Sementara itu, dari 636 BUJK asing yang ada di Indonesia hanya sekitar 196 yang aktif. Sisanya, sebanyak 300 BUJK tidak aktif dan sekitar 30 yang sudah tutup karena dalam waktu tiga tahun ini tidak mendapat pekerjaan. Menurut Syarif, BUJK asing dibutuhkan untuk menjalin kerjasama agar kontraktor dalam negeri mendapat peluang di luar negeri.
"Saat melakukan kunjungan kerja ke Aljazair, Menteri Basuki melihat pembangunan jalan sepanjang 200 KM yang dibangun oleh Kontraktor BUMN PT. Wijaya Karya. Sejak tahun 2007 dibangun hingga sekarang, jalan tersebut belum pernah diperbaiki. Sementara yang dikerjakan China sudah tiga kali diperbaiki. Karena itu, WIKA kembali mendapat kepercayaan untuk membangun rumah susun sebanyak 5.000 unit," jelas Syarif.
Kedua adalah SDM. Saat ini, dari 8,1 juta tenaga kerja kontruksi Indonesia, yang mempunyai sertifikat tidak sampai 10 persen. Padahal, tenaga kerja Indonesia yang berkarya di luar negeri telah diakui karena memiliki sertifikat dan terampil. Oleh karena itu, untuk mempersiapkan daya saing bangsa di masa depan, Kementerian PUPR terus berupaya melakukan percepatan sertifikasi.
Rantai pasok ketiga adalah material yang masih dibutuhkan hampir semua daerah. Untuk memenuhi kebuuhan material, tidak jarang daerah kerap harus impor. Padahal, semen misalnya, masih oversupply dan masih tersedia hingga 6 tahun ke depan. Keempat adalah peralatan. Saat ini, hanya ada sekitar 70.000 sampai 80.000 unit peralatan di Indonesia. Namun, yang terdata masih sedikit yakni sekitar 26.000.
Terkait kelayakan alat, Syarif mengatakan bahwa kelayakan alat bukan semata ditentukan oleh usia alat, melainkan kelayakan alat itu sendiri.

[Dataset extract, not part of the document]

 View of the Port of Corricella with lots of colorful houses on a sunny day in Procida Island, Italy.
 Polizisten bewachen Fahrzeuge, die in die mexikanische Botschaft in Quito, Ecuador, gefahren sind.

"Sekali lagi kami berharap agar kontraktor kita siap, mulai dari materialnya, peralatannya, SDM-nya sampai badan usaha kita siap. Terakhir, tentu dari sisi teknologi dan dapat mengambil peluang di luar. Tugas kami sebagai Pemerintah adalah untuk membuka jalan bagi usaha dalam negeri," jelas Syarif.
Dalam kesempatan sama, Syarif juga menjelaskan bagaimana kondisi di Palu dan Donggala pascagempa. Syarif mengajak Asosiasi Kontraktor Indonesia (AKI) untuk ikut membantu penanganan dengan mengirim alat berat seperti ekskavator.
"Kebutuhan yang paling mendesak sekali saat ini adalah alat-alat berat. Sebagai kontraktor besar bisa memberikan bantuan alat berat dan bila diperlukan Pemerintah akan membayarnya,†kata Syarief.